Compliance, Particularly for Privacy, Requires Data Process Mapping & Disposition

Michael Rasmussen

Compliance used to be simpler. An organization was given a set of requirements and it had to check the boxes that it met the requirements and compliance was achieved. The complex nature of business today and the focus on information in the digital economy has driven compliance requirements to a new level of intricacy and depth.

Today data weaves in and out of business processes, throughout the organization and across third party relationships. Organizations need to understand how all information, especially personally identifiable information (PII), enters, moves throughout, and is used in the organization, and how it is shared and used in third party relationships (e.g., outsourcers, services providers, vendors, suppliers, consultants, brokers, dealers, agents).

Privacy is a significant compliance challenge with specific requirements, associated content and processes that organizations should consider.

Privacy compliance is about managing risks across the full lifecycle of data and its web of processes, transactions, relationships, and interactions. Compliance professionals struggle to interact with business units to inventory all uses of personal data and ensure compliance to a set of requirements that are constantly evolving. Continuously changing regulations and business environments encumber organizations as they aim to stay compliant. Trying to keep change in sync with growing, evolving, and shifting business needs and use of personal data bury compliance professionals in mountains of tasks and processes in a struggle to keep pace with changes.

Privacy regulations, such as the European Union General Data Protection Regulation (GDPR) and the California Consumer Privacy Act (CCPA) require that an organization has a thorough understanding of how data is collected, used, and flows throughout the organization and across business relationships. This requires that organizations map out data process flow diagrams to document compliance and how information is collected, used, and disposed of. It also requires that policies on information use and disposition be in place to govern information throughout the lifecycle and define what controls are put in place to protect this information.

The requirement for data process mapping and information flow is not unique to privacy related regulations. Over the past several years there has been growing pressure for data process mapping in context of Sarbanes Oxley (SOX) compliance as well. The Public Company Accounting Oversight Board has been putting pressure on external auditors that in turn put pressure on publicly traded companies to have data process maps documented in addition to the written control narratives for SOX compliance.

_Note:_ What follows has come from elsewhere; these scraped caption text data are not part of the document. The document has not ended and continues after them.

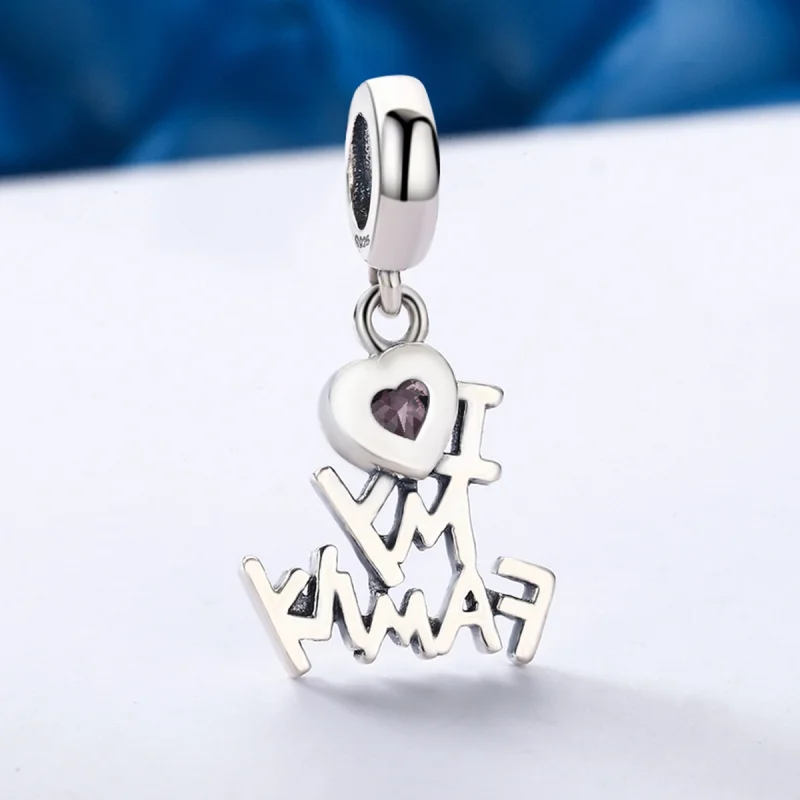 (imagem para) Charm Pendente Eu amo minha família estilo Pandora - SCC251 - Visualizar 5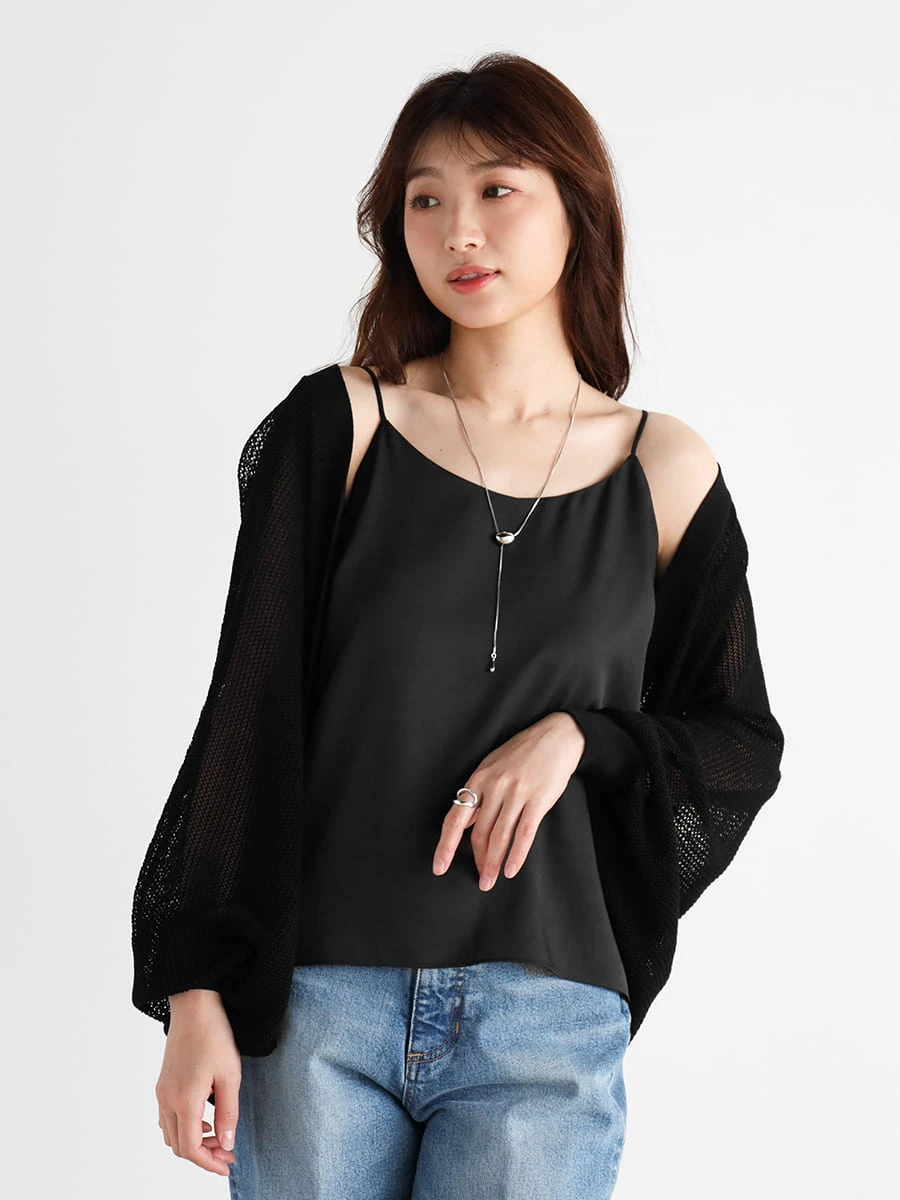 Vin(ヴァン)　バックタックサテンキャミソール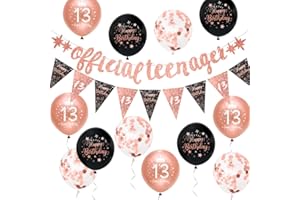 Girls 13th Birthday Decorations Black Rose Gold 13th Birthday Party Decorations Banner Bunting Kit Girls Official Teenager Banner by Sheinly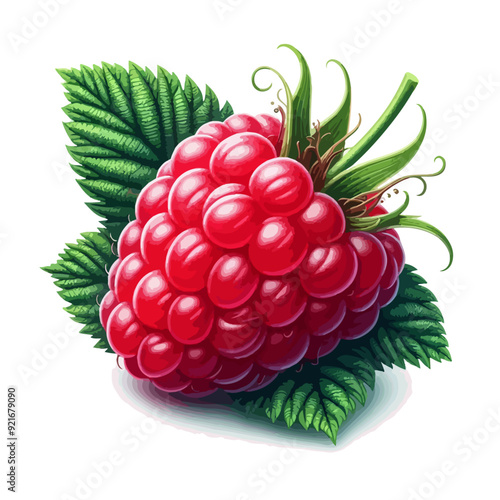 flat vector  illustration of Ripe raspberries with leaf isolated on a white background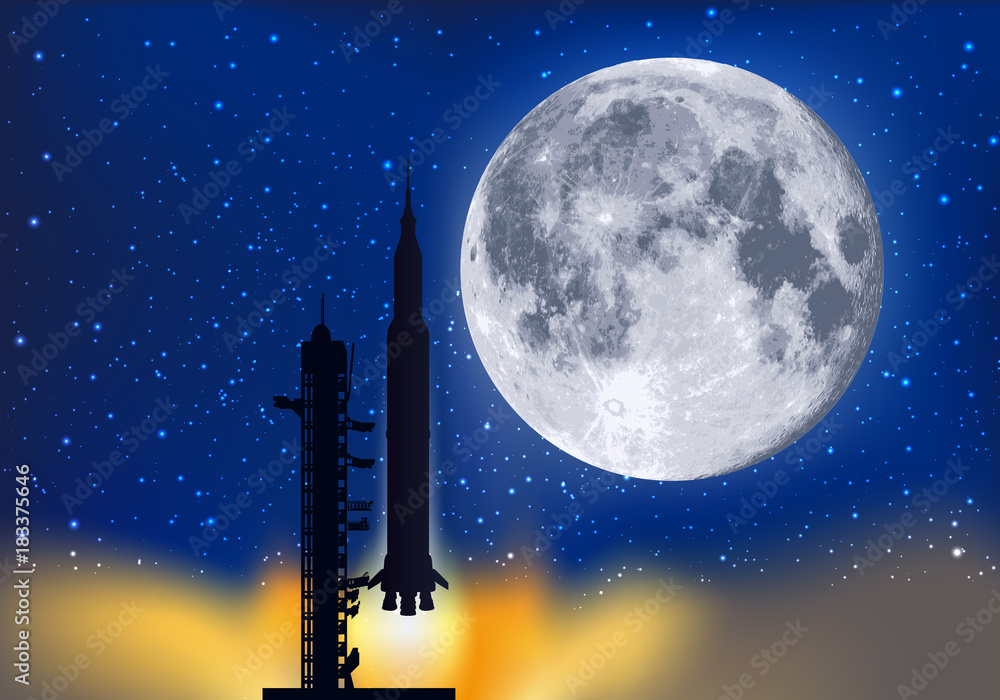 Naklejka premium lune - fusée - décollage - astronaute - cosmonaute - espace - pas de tir - exploration - symbole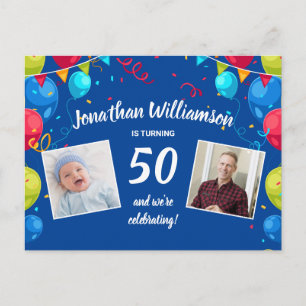 50th Birthday Party Invitation, 2 Photos, Balloons Postcard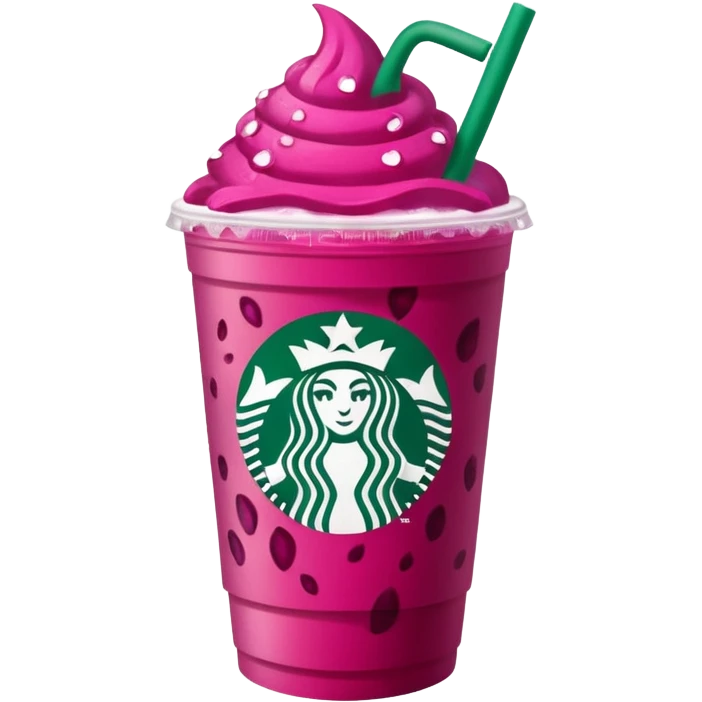 Starbucks dark pink dragonfruit refresher. flat on top. starbucks logo. emoji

Today’s dynamic, distributed and disrupted business environment is forcing organizations to rethink how they approach and document compliance. Foundational to this is to leverage an online business process mapping capability that makes it easier to gather information from process owners, document compliance to regulators, rapidly and easily search for information and monitor disposition requirements of information. Technology for documenting compliance and processes makes compliance more efficient, effective and agile to the demands and needs of a dynamic regulatory and business environment.